# Transfer of GI knowledge from Yeast to Arabidopsis for the following scenarios:
1. Using only the SMF data
2. Using all the neutrality functions
2. Using only the established neutrality functions (Mani 2008 PNAS)

### Goal:
The established Arabidopsis models serve as a baseline performance. The idea is to 
use the Yeast model, which performed really well, to increase the prediction accuracy 
on the significantly smaller Arabidopsis dataset.

### Scenario 1. Using only the SMF data

In [8]:
import joblib
import pandas as pd
import xgboost as xgb

# Load in the data
ara = pd.read_csv('../ara_data/1_feature_tables/20240923_melissa_ara_data_features/W_TSC_emmean_feature_table.tsv', sep='\t', index_col=0)
ara_test = pd.read_csv('../ara_data/1_feature_tables/20240923_melissa_ara_data_features/W_TSC_emmean_test_instances.txt', sep='\t', header=None)

# Load trained yeast xgb model and retrain with Arabidopsis data
ara.rename(columns={'MA_new': 'Query_SMF_new', 'MB_new': 'Array_SMF_new'}, inplace=True)
ara_train = ara.loc[~ara.index.isin(ara_test[0]), ['W_TSC_emmean', 'Query_SMF_new', 'Array_SMF_new']]
ara_y_train = ara_train.loc[:, 'W_TSC_emmean']
ara_train.drop(columns='W_TSC_emmean', inplace=True)

ara_test = ara.loc[ara.index.isin(ara_test[0]), ['W_TSC_emmean', 'Query_SMF_new', 'Array_SMF_new']]
ara_y_test = ara_test.loc[:, 'W_TSC_emmean']
ara_test.drop(columns='W_TSC_emmean', inplace=True)

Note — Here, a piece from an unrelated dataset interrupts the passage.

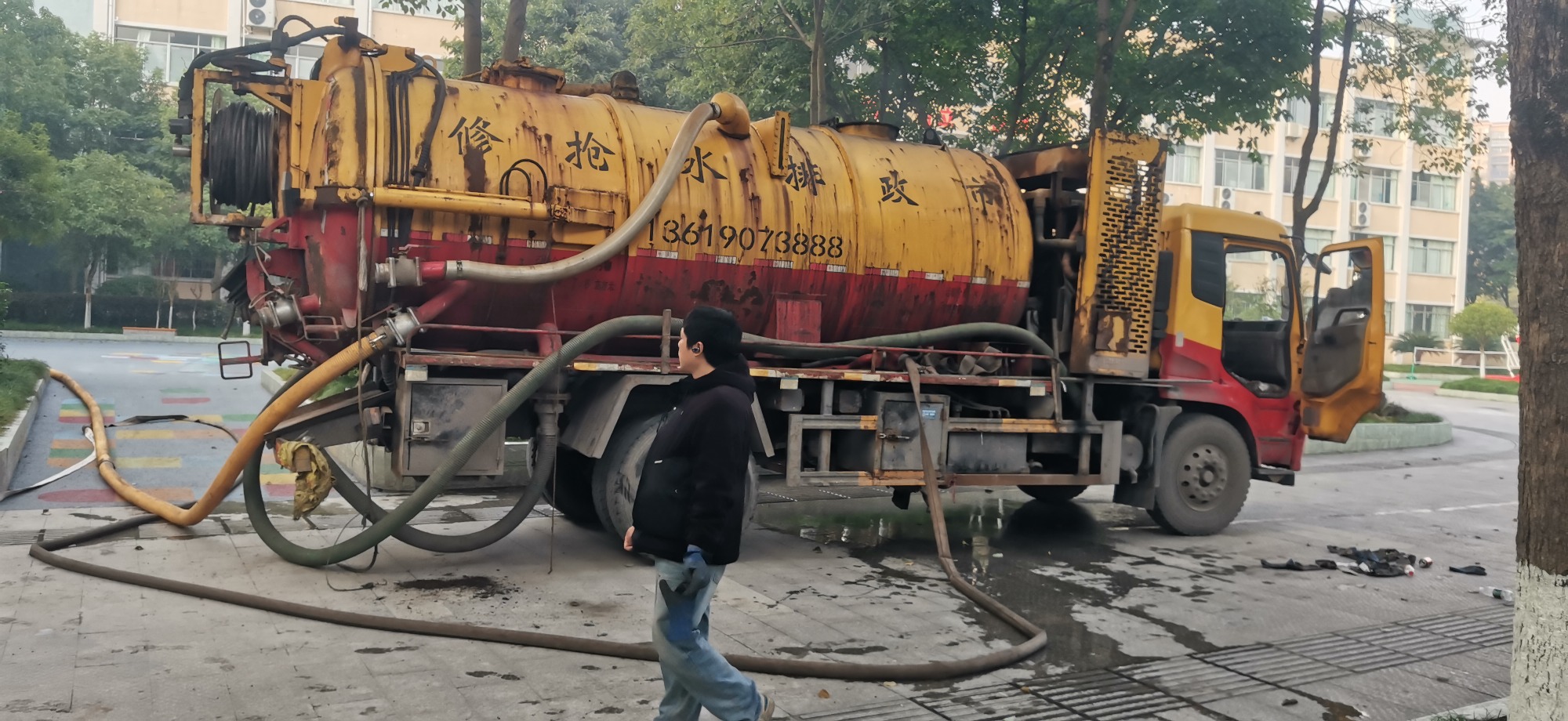 广安清洁服务施工实景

yeast_mod = joblib.load('../output/1_xgb_regression_yeast/20241016_results/DMF_from_SMF_only_model_rep_9.pkl')
# yeast_mod.fit(ara_train, ara_y_train)

# Predict
ara_y_test_preds = yeast_mod.predict(ara_test)

In [9]:
from sklearn.metrics import r2_score
r2_score(ara_y_test, ara_y_test_preds)

0.5503288575800729

In [10]:
yeast_mod.fit(ara_train, ara_y_train) # If I retrain
r2_score(ara_y_test, yeast_mod.predict(ara_test))

0.20292576608715895